Я знаю, что у Мадонны было гораздо больше тридцати пя­ти долларов. И у нее были друзья. И все же первые месяцы в Нью-Йорке дались ей очень нелегко. Сначала она занималась с хореографом Перл Ланг. Чтобы заработать, Мадонна позиро­вала обнаженной студентам художественного училища. С помо­щью двух французских музыкальных продюсеров, которые за­хотели раскрутить новую американскую сенсацию, она несколь­ко месяцев провела в Париже. Впоследствии она рассказывала мне, что почти все время проболела — подхватила сильнейшую ангину. Неудивительно, что в Париже ей не понравилось.
А я спокойно, хотя и без особой радости, учился в колледже в Рочестере, штат Мичиган. Когда подруга пригласила меня провести время в доме ее родителей в Дэриене, штат Коннекти­кут, я позвонил Мадонне и спросил, можно ли навестить ее на Манхэттене. Она разрешила. Когда мы приехали, она даже по­вела нас ужинать в ресторан.
К тому времени, когда мы по дороге в Коннектикут заехали в Нью-Йорк, Мадонна уже жила в Квинсе, в синагоге, превра­щенной в студию. Она играла на ударных в группе своего при­ятеля Дэна Гилроя «Брекфаст-клуб».
Мы с моей подругой прилетели в Нью-Йорк, взяли напро­кат машину и поехали по 53-й авеню в Квинс. Мы нашли сина­гогу. На стенах большого, просторного зала все еще сохрани­лись религиозные барельефы. Повсюду валялись одежда и му­зыкальные инструменты. Подобная обстановка показалась мне кощунством.
Зато сестра была рада меня видеть.

Она сразу же начала рассказывать, какая замечательная у них группа, какого успеха они добьются. Она даже велела сво­им друзьям сыграть для меня. Мадонна сидела на заднем пла­не — она играла на ударных — и все же сразу приковывала внимание. Я не мог оторвать от нее глаз, совершенно не обра­щая внимания на тех, кто находился впереди. С Мадонной так было всегда.

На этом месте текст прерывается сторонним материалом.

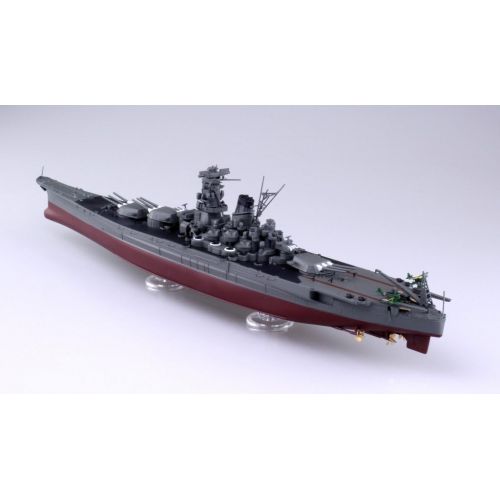  Aoshima Full Hull 52648 IJN Battleship Musashi 1700 Scale Kit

И в то же время я не переставал удивляться метаморфозе, произошедшей с серьезной студенткой, которая решила посвя­тить себя современному танцу и когда-нибудь открыть собст­венную танцевальную студию. Мадонна сказала, что все еще периодически занимается танцами, но было совершенно оче­видно, что танцовщица в ней последовала за болельщицей, аме­риканской девушкой, прима-балериной и достойной ученицей Кристофера Флинна.
Она превратилась в Ринго Старра в юбке. Нас она встре­тила в драных джинсах, белой футболке, черных сетчатых чул­ках. Волосы были собраны на затылке в хвост. Мне показа­лось, что она даром теряет время, не имея никакой конкретной цели. Я был смущен и разочарован, но не мог не восхититься ее поразительным упрямством и уверенностью в себе.
В тот же вечер к студии подъехал длинный лимузин. Ма­донна сказала, что приглашает нас поужинать в «Патриссис», любимое место музыкантов на Кенмейр-стрит в Маленькой Ита­лии. Я подумал, что это очень странно: она живет как нищая артистка, но при этом в ее распоряжении огромный лимузин. По-моему, она сама сказала, что машина принадлежит одному парню, с которым она познакомилась в Париже и который был ею очарован. Я усмехнулся, но эти слова произвели на меня впечатление.
Но когда мы поехали по мосту 59-й улицы, я забыл о сту­дии и даже о моей сестре. Мне показалось, что я улетел к звез­дам: я впервые увидел перед собой огни Манхэттена. Я был
поражен и потрясен. Я еще не влюбился в этот город, но уже страстно его возжелал.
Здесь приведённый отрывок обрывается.